## Activity
Please return every entry below exactly as written, without any of its pictures.

## Given data
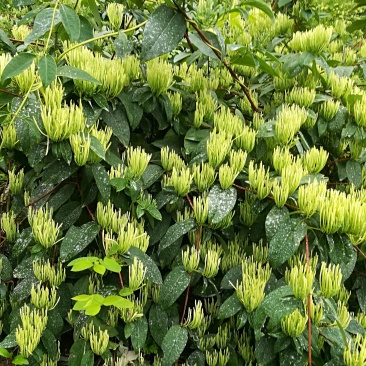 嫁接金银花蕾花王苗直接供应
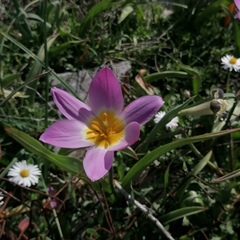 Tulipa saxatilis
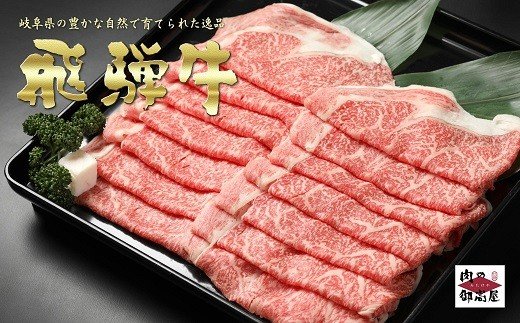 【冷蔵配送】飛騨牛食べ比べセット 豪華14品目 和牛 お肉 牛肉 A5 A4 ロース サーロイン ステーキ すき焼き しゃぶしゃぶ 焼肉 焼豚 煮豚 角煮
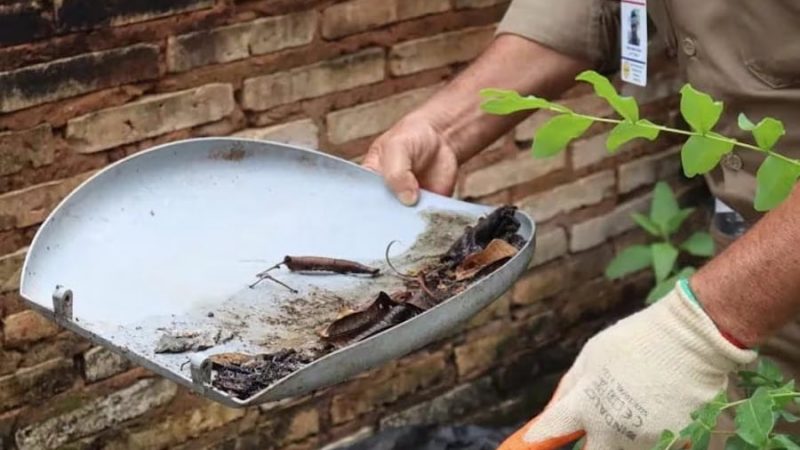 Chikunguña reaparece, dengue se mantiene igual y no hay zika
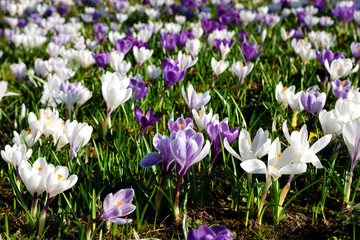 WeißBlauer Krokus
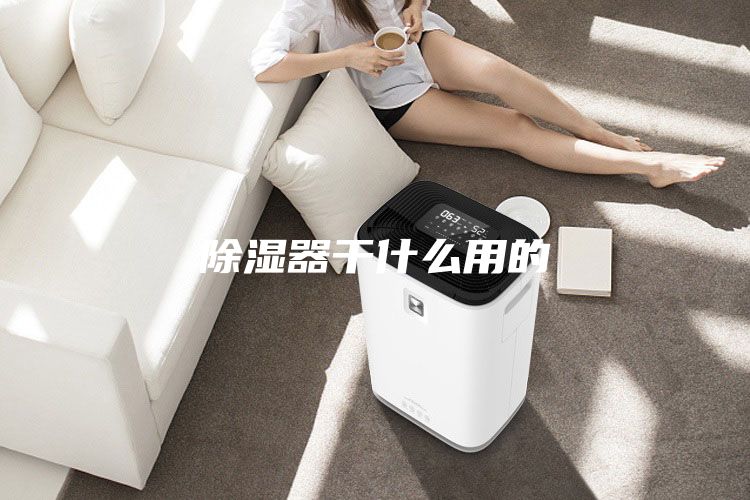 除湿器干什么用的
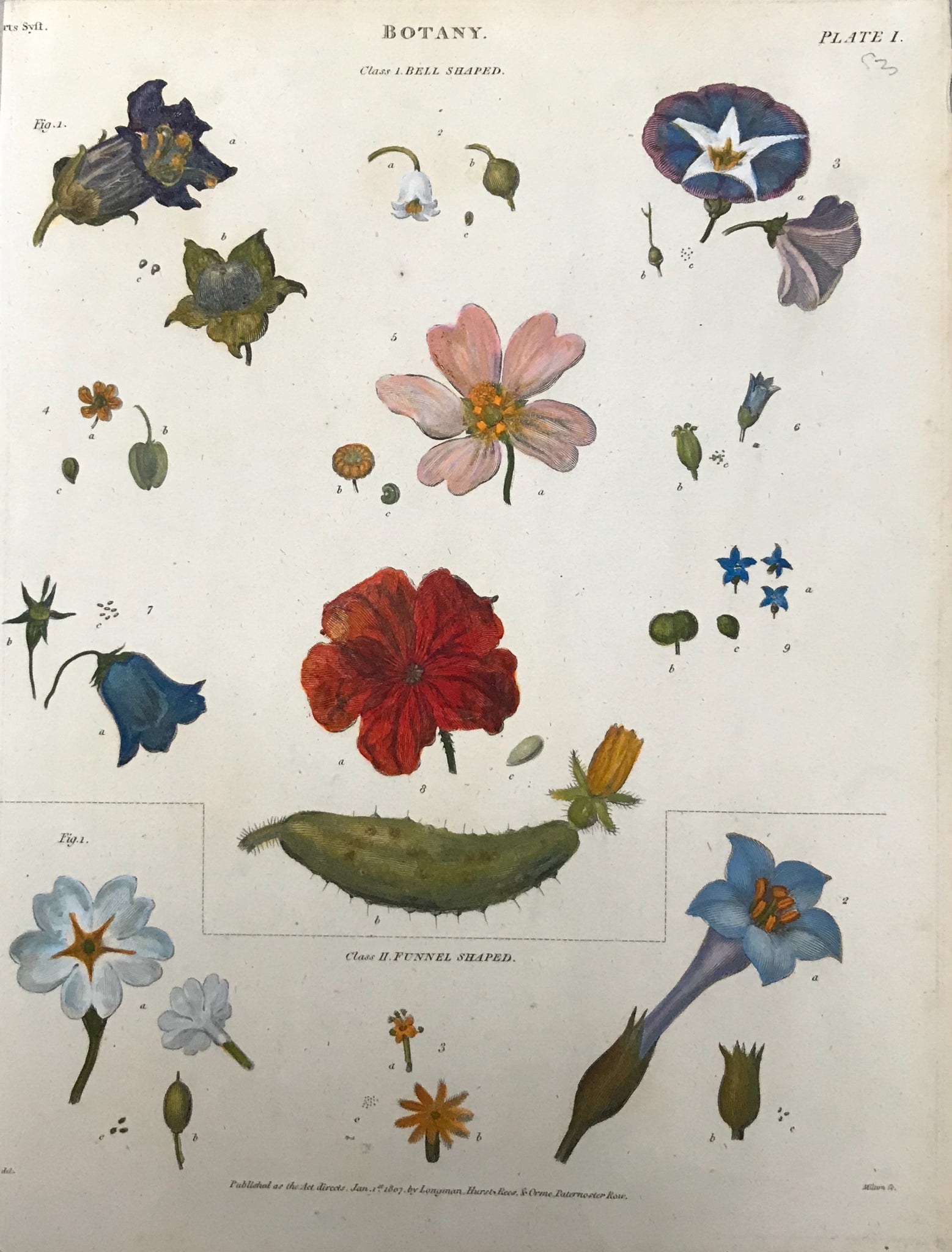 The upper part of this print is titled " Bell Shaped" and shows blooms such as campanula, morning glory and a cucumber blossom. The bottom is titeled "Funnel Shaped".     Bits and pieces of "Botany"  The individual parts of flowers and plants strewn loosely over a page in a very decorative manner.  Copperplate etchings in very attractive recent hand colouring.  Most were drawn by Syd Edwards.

## Output below
 嫁接金银花蕾花王苗直接供应
 Tulipa saxatilis
 【冷蔵配送】飛騨牛食べ比べセット 豪華14品目 和牛 お肉 牛肉 A5 A4 ロース サーロイン ステーキ すき焼き しゃぶしゃぶ 焼肉 焼豚 煮豚 角煮
 Chikunguña reaparece, dengue se mantiene igual y no hay zika
 WeißBlauer Krokus
 除湿器干什么用的
 The upper part of this print is titled " Bell Shaped" and shows blooms such as campanula, morning glory and a cucumber blossom. The bottom is titeled "Funnel Shaped".     Bits and pieces of "Botany"  The individual parts of flowers and plants strewn loosely over a page in a very decorative manner.  Copperplate etchings in very attractive recent hand colouring.  Most were drawn by Syd Edwards.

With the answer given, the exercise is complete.